I looked over at Aisha, strapped into her high chair. Her arms were lifted into the air, reaching out to me. Her pink lips were trembling, her eyes filling with tears. Ahmed’s grip loosened, and I broke away.

Behind me, the tiled floor was wet from the water Ahmed had thrown. As I stepped back, my feet slid out from under me, and I crashed onto the floor. As I scrambled up, I saw the phone lying on the kitchen table. I grabbed it and ran upstairs to the bathroom.

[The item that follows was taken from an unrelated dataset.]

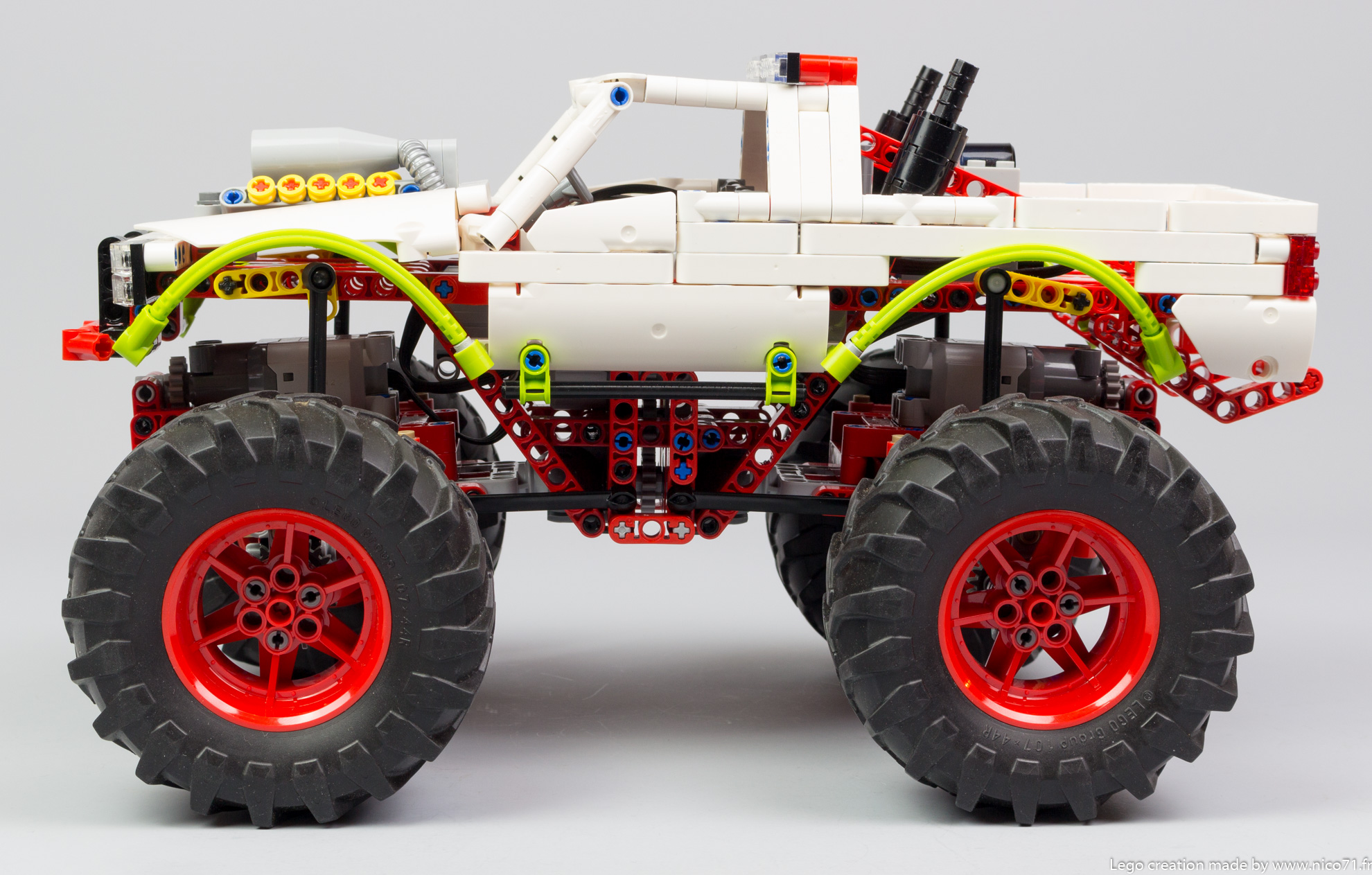 monster-truck-2.jpg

Slamming the door behind me and quickly locking it, I sank onto the edge of the bathtub. My heart was pounding and my back was screaming in pain. I looked at the phone in my trembling hands and tapped 9-1-1. But before I hit the talk button I stopped, my fingers hovering in mid-air.

What would happen if I made that call? Where could I go? How could I support myself? *

In my case, I found a way out. I escaped the life I never chose and rebuilt my life, including attending university, graduating as a top student, and going on to pursue a career in banking. I’m proud of my journey, but I won’t stay silent.

Today, I’m honoured to be an Ambassador for Plan International Canada. By sharing my story, my goal is to break the silence on child marriage – for the millions of silences still waiting to be broken.

* Excerpts from A Good Wife by Samra Zafar.